Didn't they just come out with a commercial line?


----------



## hatchet (Dec 13, 2003)

Milwaukee.. all the way. I just wish they had a table saw.


----------



## Teetorbilt (Feb 7, 2004)

I mix and match, Ryobi being bottom of the line. I'll pay a few more bucks for what I know will work.
For stationary equipment I like the really old stuff, cast iron all of the way. Tough to move around but they also don't squirrel when you are using them, critical if you are doing fine work.


----------



## Grumpy (Dec 12, 2003)

Yes Nate, I believe those are the ones I use. Maybe... Possibly...  

Teetor like I've said a few times, pretty much all our guys own Ryobi and use them daily and nobody has ever complained. I have a set and never had a problem once. I am satisfied with the quality, and have used higher priced tools in the past.


----------



## Teetorbilt (Feb 7, 2004)

Grumpy, I do a lot of finish woodworking, doors, cabinets, etc. and I find that the adjustments are lacking with Ryobi especially routers, very crude.


----------



## hatchet (Dec 13, 2003)

I'd rather pay a little extra money and get good quality tools. You really have to search to find those old cast iron tools. Once you do find them it can be a little spendy to purchase.. unless you find a little old lady that doesn't really know what she's got.. then you feel guilty.. it's a viscious circle


----------



## Grumpy (Dec 12, 2003)

Teetor, I will agree with you there. We don;t do much finish work, but I have a compound miter from them. To be honest I wouldnt trust any of the guages. I always use a combination square to check my angles... but in their defense I bought the cheapest one they had. Like every manufacturer they make several grades of equipment form cheapo to pretty damned nice.


----------



## Teetorbilt (Feb 7, 2004)

I have noticed that no one has mentioned Ridgid. They appear to be a quality tool and get high ratings in the mags that I get. Any input?


----------



## hatchet (Dec 13, 2003)

I've never owned any - but with some of the newer tools they have they are getting higher ratings in the tool reviews. I may have to talk to them and see if they can send me some for review.


----------



## Teetorbilt (Feb 7, 2004)

hatchet, don't forget to mention me! Their 10" portable tablesaw was a best buy in the latest edition of Woodworker, I'd sure like to test one.


----------



## hatchet (Dec 13, 2003)

I've got a call into them. They forwarded my message on to marketing to see if they would be interested. *fingers crossed*


----------



## kesac (Sep 5, 2004)

*Tools*

I like Ryobi's corded drill, with clutch. I have about given up on corded anything. The only thing Rigid I have is a jointer, and it doesn't get used too much. I have a Rigid 12" planer too, and it does get some use, and works just fine.
Bosch makes the best jig saw, I believe. I like Jet's table saws for the money.
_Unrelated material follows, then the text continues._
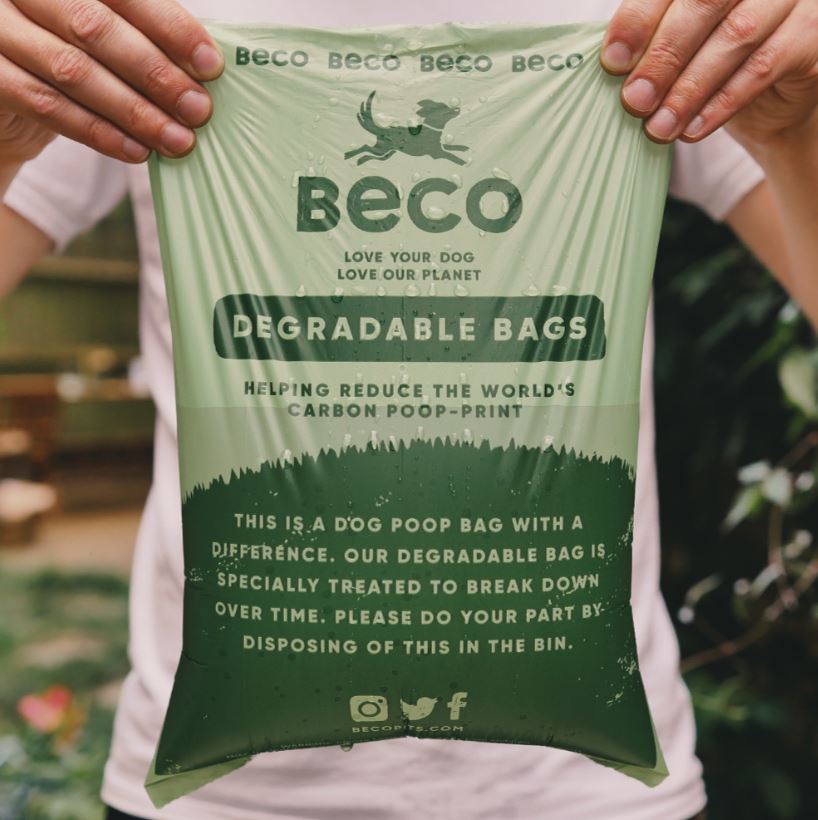 BECO Poop Bags Recycled 300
I like Dewalt's routers, and I have one of their 708 sliding crosscut saws, that I bought rebuilt, and think it is great.
I love Porter Cables left handed 743 circle saw, nad my 557 plate jointer.
I don't think there is one line that is best at all things. Some times you pay twice as much for the best, and only get about 10% more for your money. If it costs half, and lasts 3 yr. instead of 4, it might be a better deal.
It seems like those "best" tools want to walk off more often than the lesser brands do.


----------



## LJD (Mar 14, 2005)

Anybody else use Buffalo? I just love these things!! I don't know if there's a warranty or not, but they seem to cost much less than, for example, Snap-On. Plus the guy that drives the Buffalo truck is real nice.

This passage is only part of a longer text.